Result: 12% efficiency — confirmed! Fix coalescing.
This scientific approach — hypothesis, experiment, analysis — prevents wasted effort on ineffective optimizations. We’ll develop it fully in ?sec-hypothesis.
The Investigation Pattern
Each investigation in this book follows a consistent pattern:
- Baseline: Measure the naive implementation
- Bound: Calculate the theoretical limit (roofline, algorithmic complexity)
- Gap analysis: Why is actual performance << theoretical?
- Property audit: Which of the six properties apply?
- Derive: The matching property suggests the optimization
- Implement and measure: Did it work?
- Iterate: New bottleneck? Back to step 3.
Microbenchmark Pitfalls
Microbenchmarks measure small, isolated pieces of code. They’re useful but dangerous:
- Warmup matters: First runs include JIT compilation, cache warming, and other one-time costs.

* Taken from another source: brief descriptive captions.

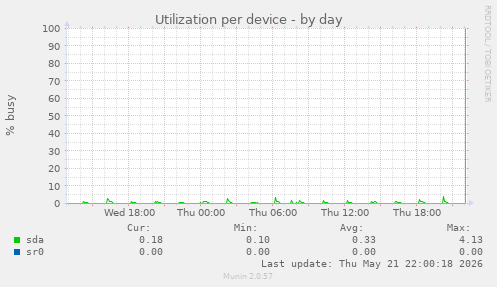 Utilization per device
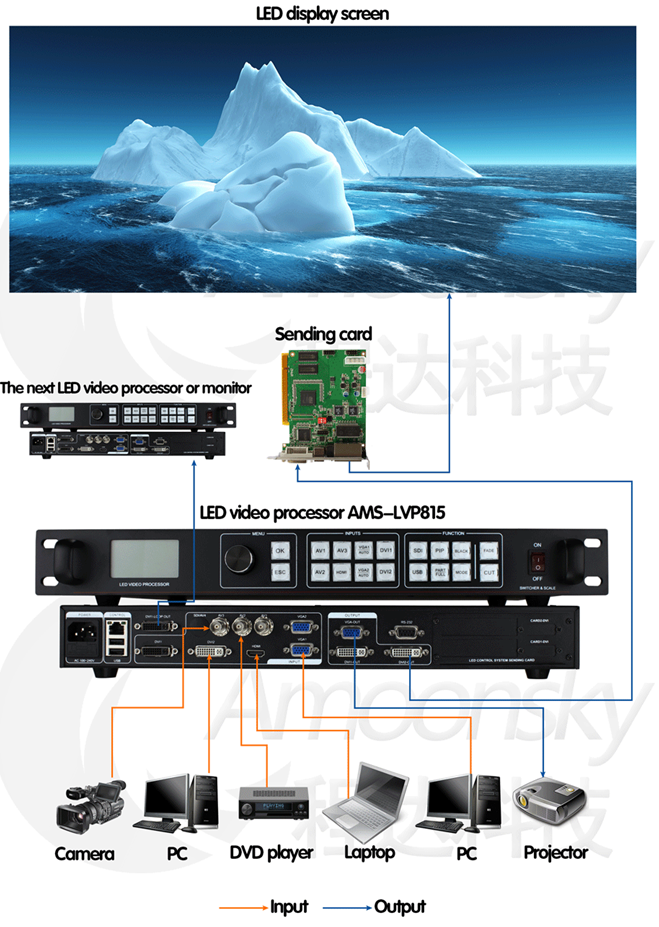 led video wall controller ams-lvp815 p6 led cabinet full color tube chip color 5
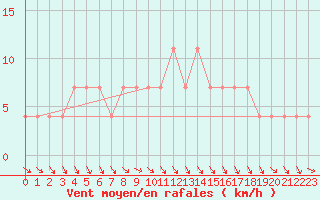 Courbe de la force du vent pour Zenica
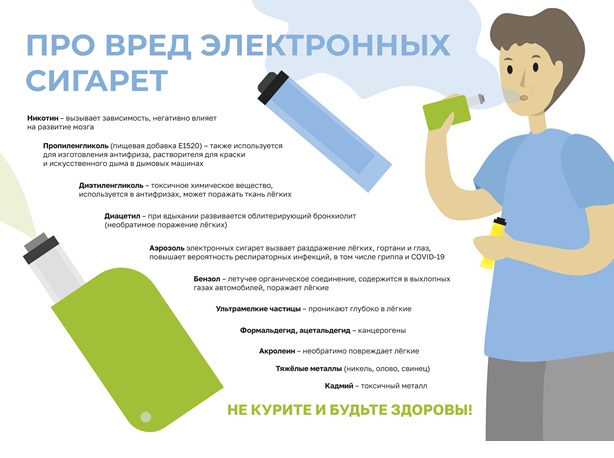МОДНЫЕ ГАДЖЕТЫ УБИВАЮТ ЛЕГКИЕ.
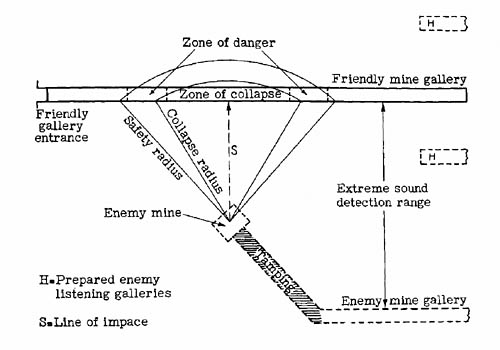 [Fig. 4: Underground Mining Operations in Warfare]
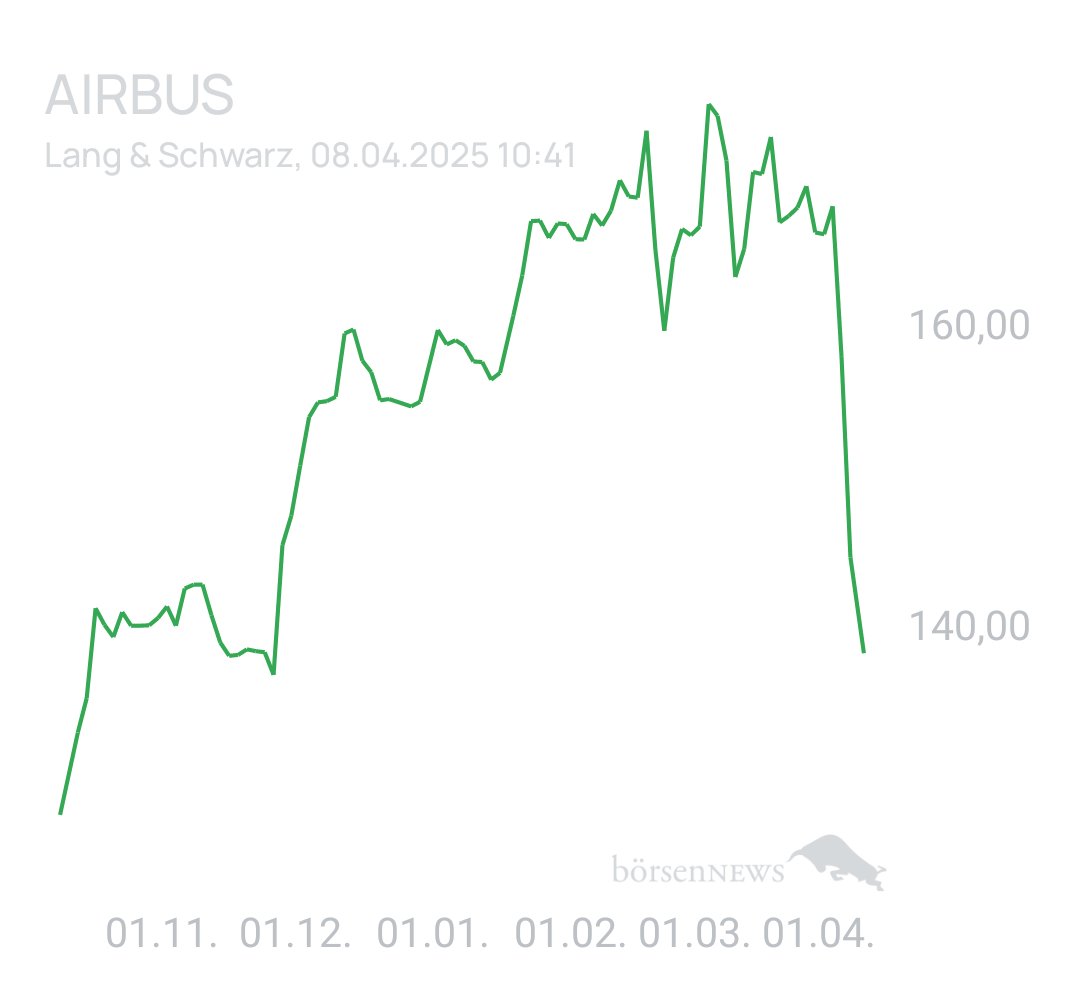 Benny80 Trading- und Aktien-Chat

Always discard warmup iterations.
- Context matters: Code behaves differently in isolation vs. real workloads. A kernel that’s fast alone may be slow when competing for cache with other operations.
- Statistics matter: Report medians and percentiles, not single numbers. If results vary by >10% across runs, your measurement setup has a problem.
- GPU clocks drift: Thermal throttling can reduce GPU clocks by 10-20% during sustained workloads. Profile steady-state, not burst performance.
Part V (?sec-measurement, ?sec-hypothesis) provides comprehensive coverage of measurement techniques and hypothesis-driven debugging. Part VI (?sec-profiling-tools) covers profiling tools (perf, Nsight, PyTorch Profiler) in depth.
The toolkit above is sufficient for all investigations in Parts I through IV. Return to Parts V-VI when you need advanced methodology or tool-specific guidance.